If your Imply deployment is on-prem, contact your Imply support representative to enable the street map visualization.
Create dimensions for your latitude and longitude data. Add the dimensions to the show bar and select Street map from the visualization selector on the right side of the page.
You can click the paintbrush icon to change the default Grid display to Blobs, for a circular representation of the data. The darker the grid or blob color, the higher the concentration of events at that location. Click anywhere in a grid or blob to see the corresponding latitude and longitude coordinates and the number of related events. Click Filter to filter the event display by specific latitude and longitude coordinates.
Sunburst
The sunburst (also known as a donut or pie chart when using only one split) is a visualization that represents the ratios between the values of a dimension. When rendering multiple dimensions, each is subdivided to show proportional representation.
Table
The table visualization is the default view for a categorical (string) dimension. It presents a table view of the data with formatting that aids visualization of measure magnitude.

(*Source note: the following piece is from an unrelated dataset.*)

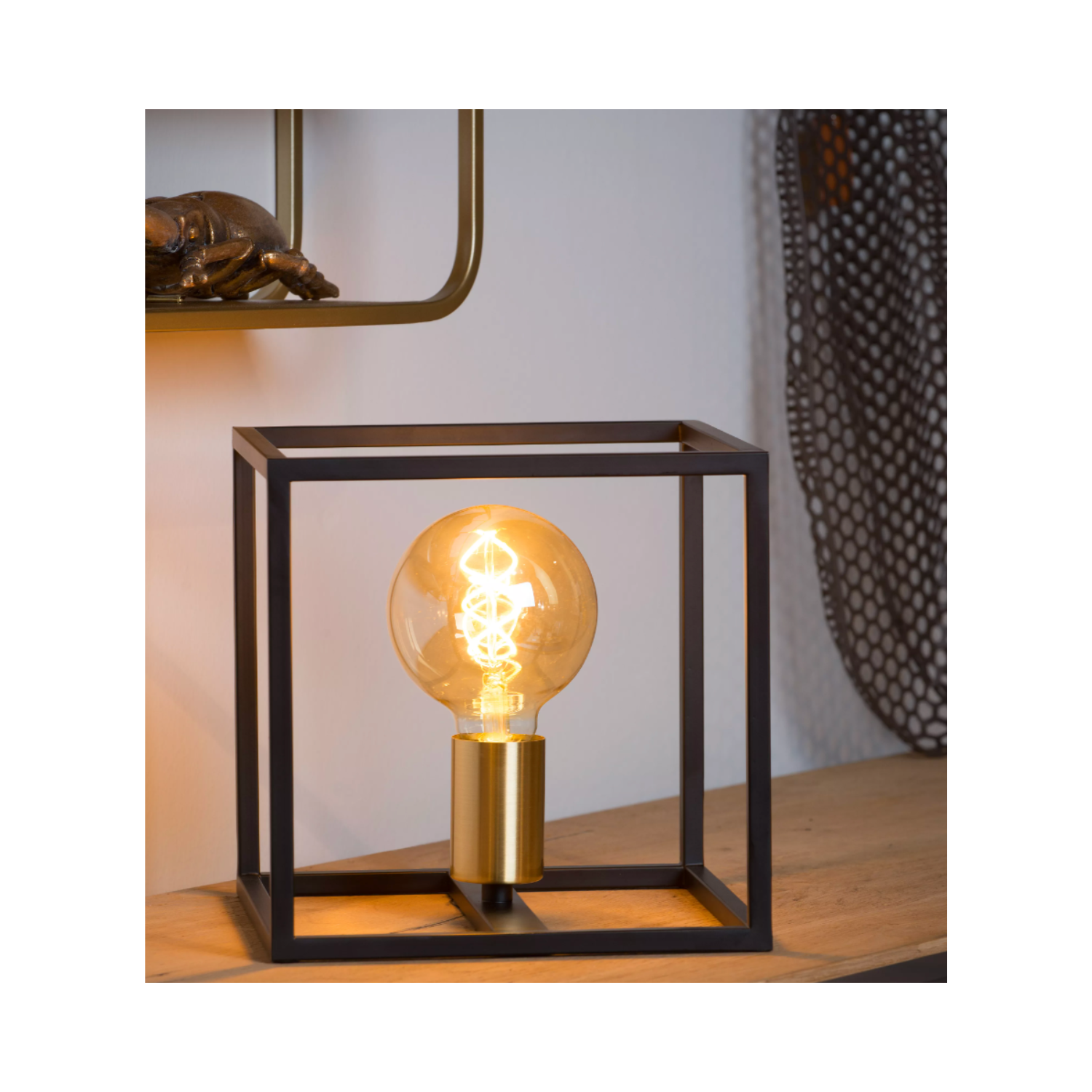 Lucide RUBEN - Table lamp - 1xE27 - Black - Lights Zone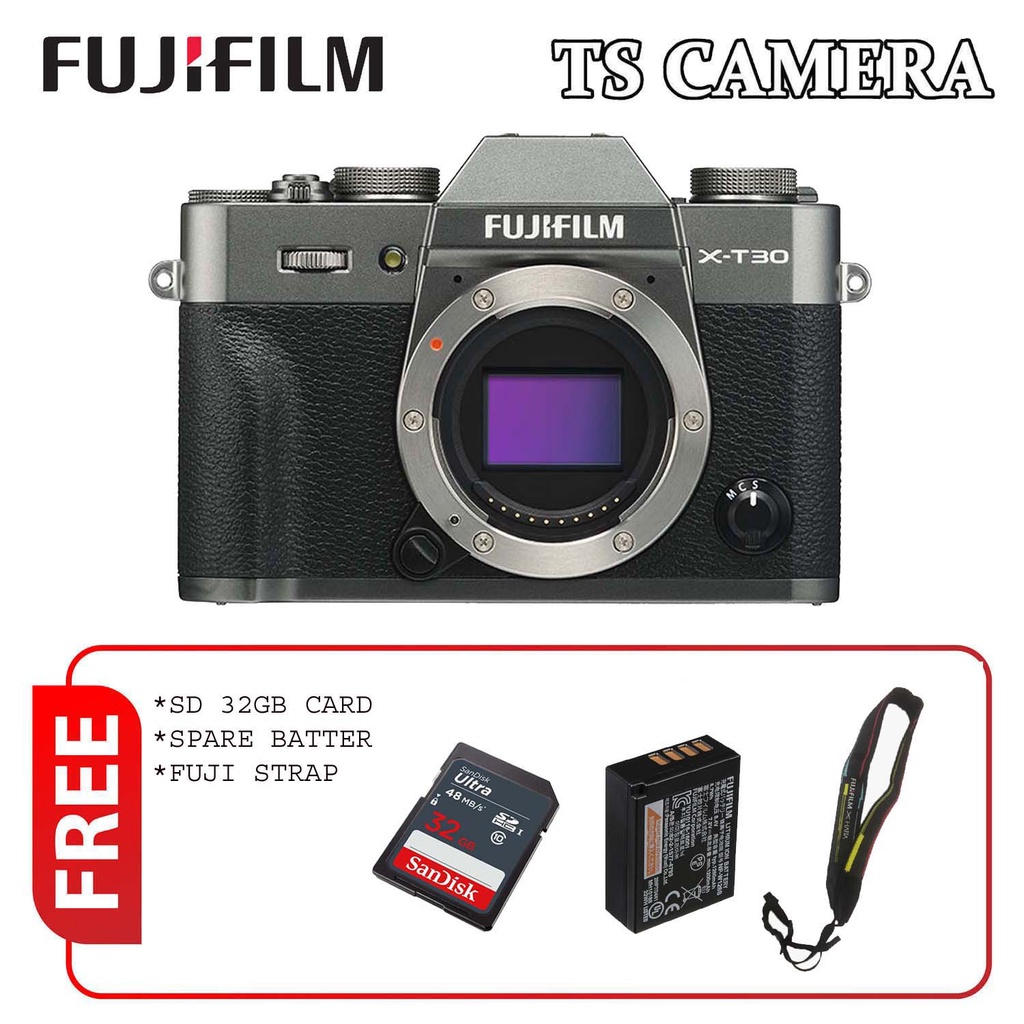 FUJIFILM XT30 / XT30 WITH KIT LENS 1855MM CHARCOAL SILVER (FUJIFILM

The table visualization can show multiple dimensions, as well as multiple measures, as columns.
For columns that contain URLs, hold Cmd
(or Ctrl
) and click the URL to open it in a new tab.
The following example shows the number of Wikipedia events for City Name London
or New York
by Channel for the latest 6 hours, with a comparison to the previous period:
Click the paintbrush icon on the right to access layout options. Pivot displays a nested layout by default—shown above. Click and drag the dimensions in the show bar to rearrange their order and change the nesting.
Hover over the first column heading—City Name > Channel in the above example—to display the Swap axes icon. Click the icon to swap the splits assigned to the axes.
Select the Flat row layout to display a column for each dimension.
The Overall rows display the dimension totals. In the above example, there are 10 events that match the applied filters—9 for the #en.wikipedia
Channel and 1 for #pl.wikipedia
. Of the 9 #en.wikipedia
events, 5 are for City Name London
and 4 are for New York
.
Treemap
The treemap allows you to see how the values of a dimension combine to make up the whole. It is particularly suitable for hierarchical dimensions.
Vertical bars
The vertical bars visualization displays dimensional data as vertical bars. See Bar chart for the explore version of this visualization.